• **What the task asks**
With pictures excluded, retype exactly every line from the one containing "Photo 2 of Single" to the end of the records below.

━━━━━━━━━━━━━━━━━━━━

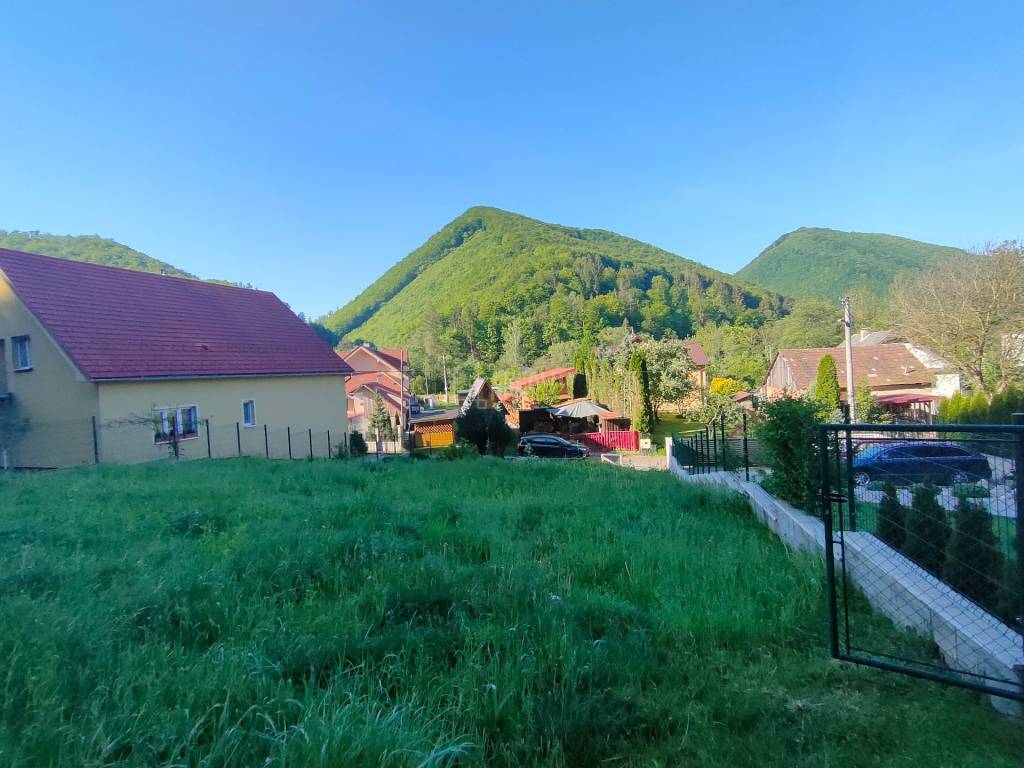 Predaj: Krásny stavebný pozemok 1023m2 v Lopušných Pažitiach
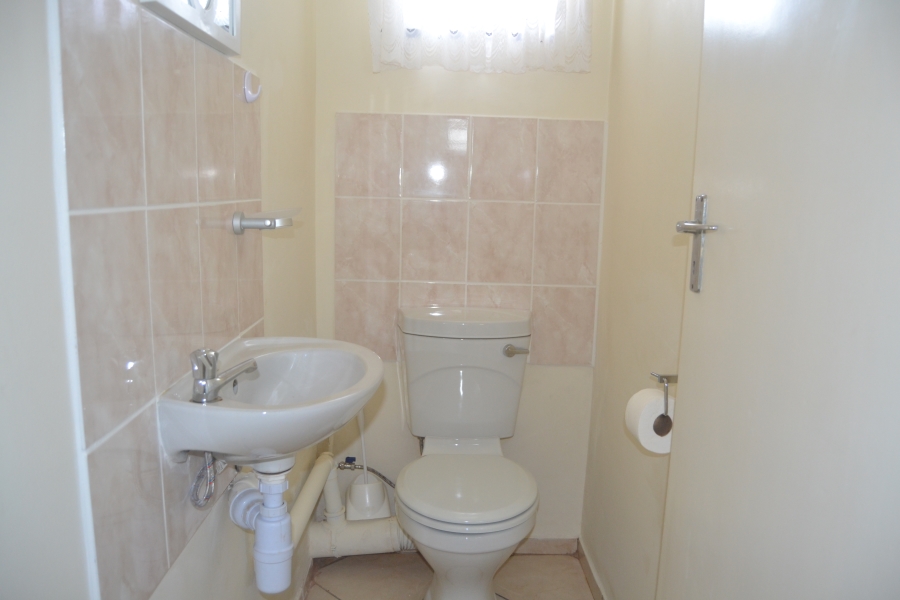 2 Bedroom Property for Sale in Scottburgh Central KwaZulu-Natal
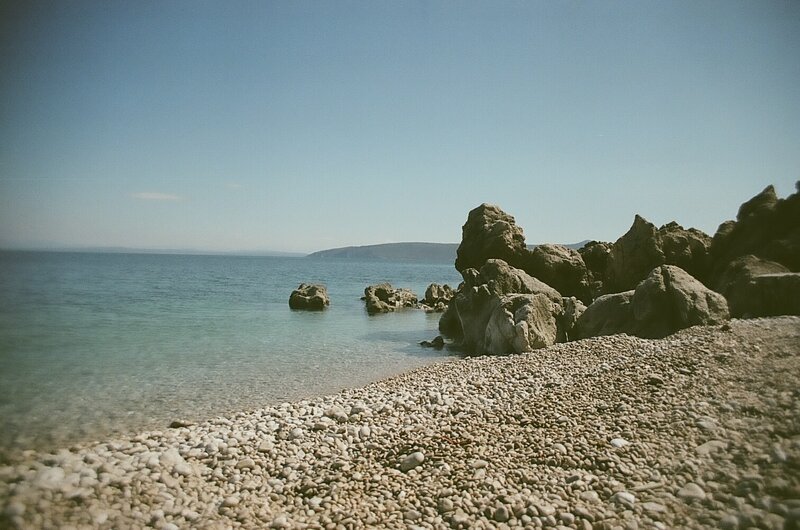 Pebble Beach with Rocks — Blue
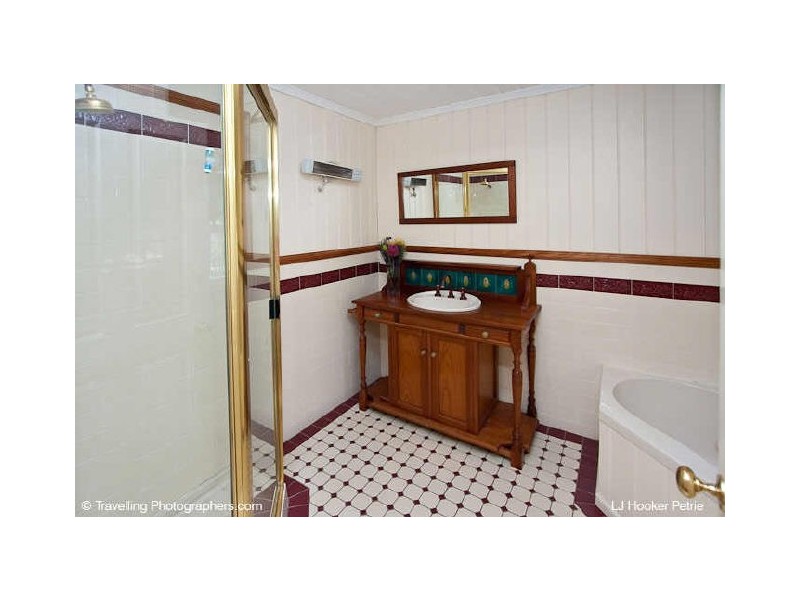 3 Connors St, Petrie QLD 4502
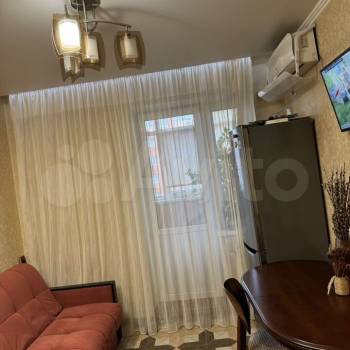 Продается 1-комнатная квартира, 42 м²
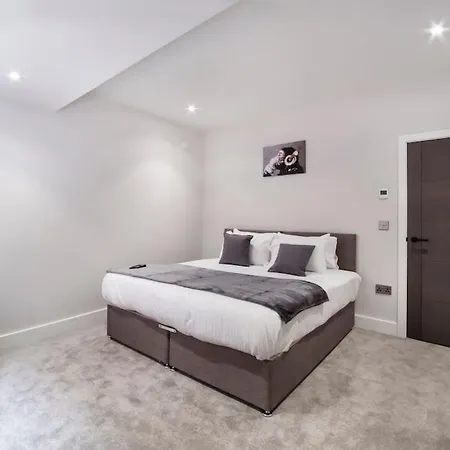 Apartment - Clifton 2 Bedroom *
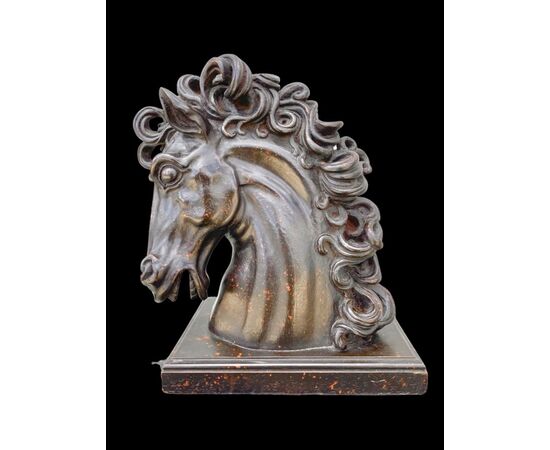 Wooden sculpture depicting a horse&#39;s head.     
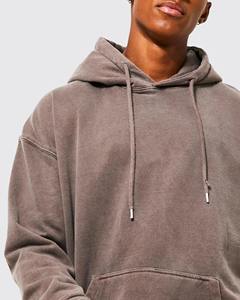 Sweat à capuche personnalisé pour homme, 100% coton molletonné épais, délavé à l'acide, coupe oversize, épaules tombantes, brodé et gaufré en relief, collection automne - Product Image 3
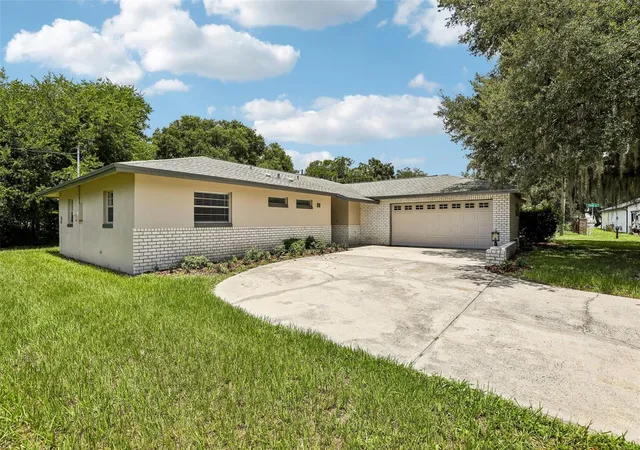 Photo 2 of Single family home for sale at 28 Linda Ln, Kissimmee, FL 34744 | MLS# O6422948 | Listing updated on 2026-10-09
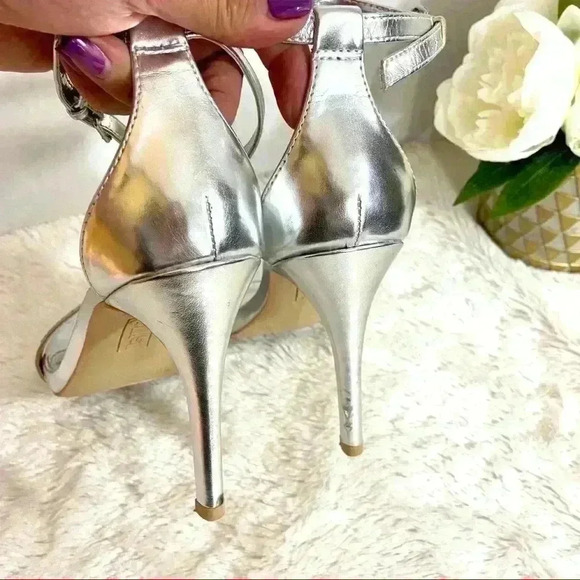 Brash Silver Open Toe Lattice Heeled Sandals - Picture 14 of 16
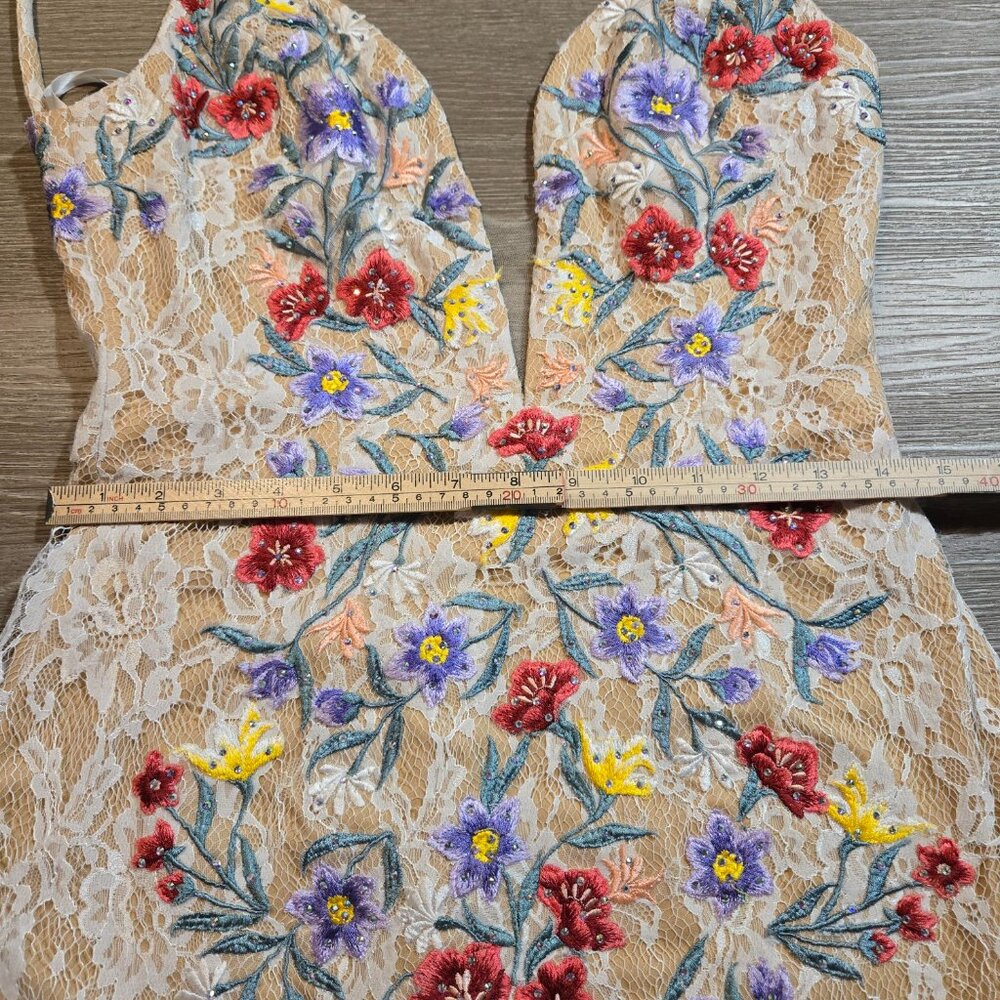 Jovani Floral Embroidered Mini Dress Size 10 Plunge Neckline Sequins All Over - Picture 7 of 13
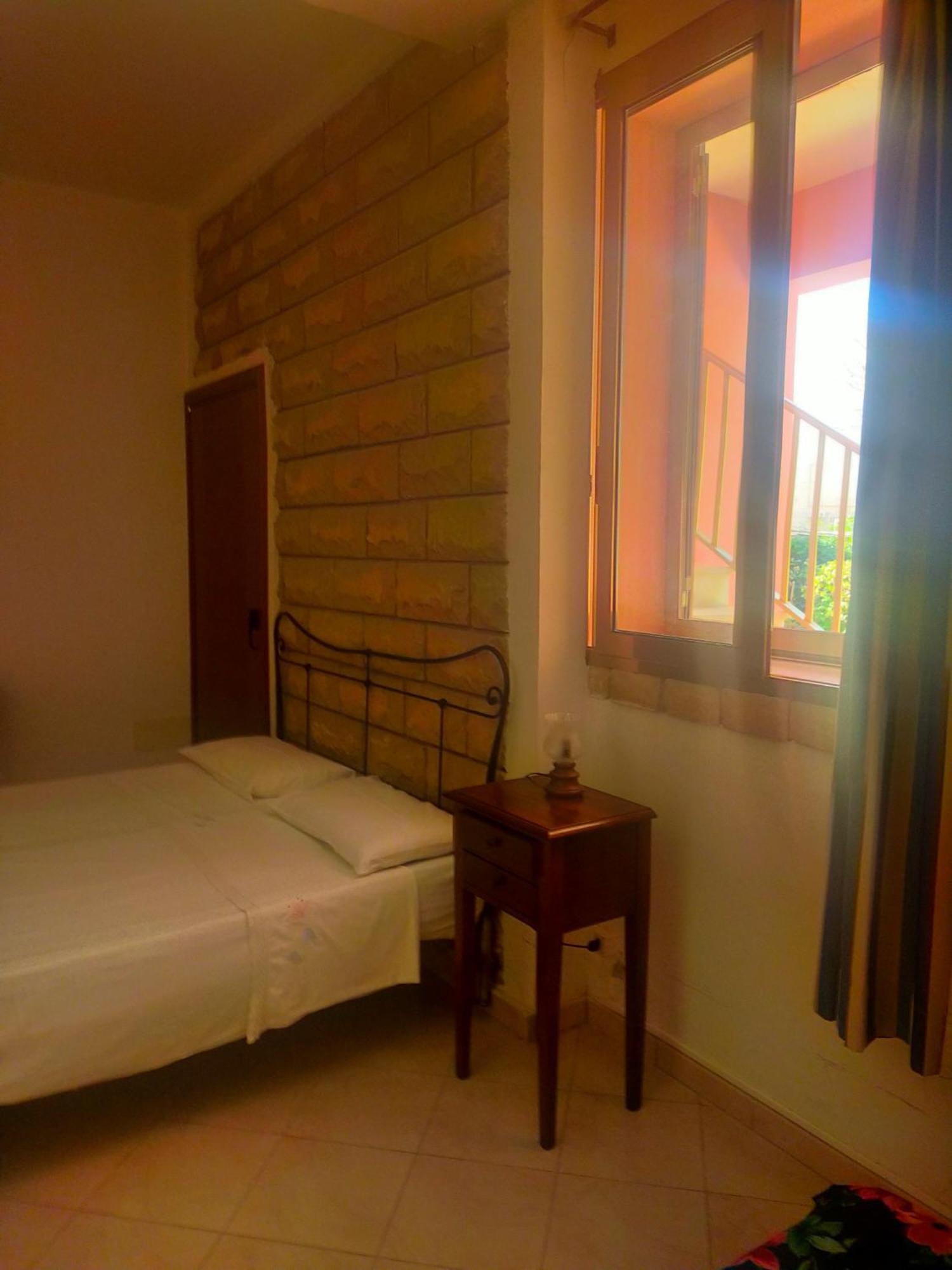 La Rosa Del Deserto Bed & Breakfast Scicli Luaran gambar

━━━━━━━━━━━━━━━━━━━━

• **Answer below**
 Photo 2 of Single family home for sale at 28 Linda Ln, Kissimmee, FL 34744 | MLS# O6422948 | Listing updated on 2026-10-09
 Brash Silver Open Toe Lattice Heeled Sandals - Picture 14 of 16
 Jovani Floral Embroidered Mini Dress Size 10 Plunge Neckline Sequins All Over - Picture 7 of 13
 La Rosa Del Deserto Bed & Breakfast Scicli Luaran gambar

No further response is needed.